* [THE PROBLEM]: Transcribe the listing in full, word for word; pictures do not belong in the copy.

DATASET EXTRACT START

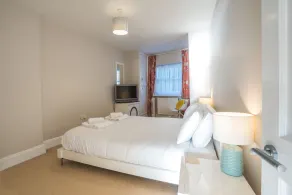 Apartamento Premier con una cama con vistas al mar y balcón. - Image 3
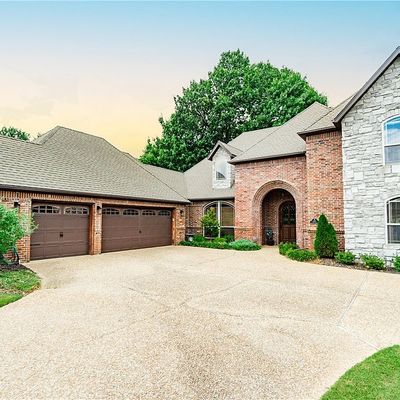 1070 Hunters Pointe, Bentonville, AR 72713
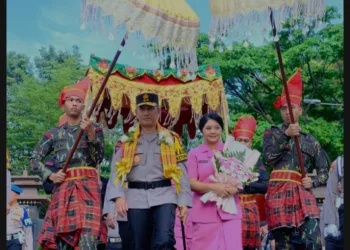 Tradisi Penyambutan Kapolda Sulsel Irjen Pol. Drs. Rusdi Hartono, M.Si di Mako Polda Sulsel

DATASET EXTRACT END

* [COMPLETED EXERCISE]:
 Apartamento Premier con una cama con vistas al mar y balcón. - Image 3
 1070 Hunters Pointe, Bentonville, AR 72713
 Tradisi Penyambutan Kapolda Sulsel Irjen Pol. Drs. Rusdi Hartono, M.Si di Mako Polda Sulsel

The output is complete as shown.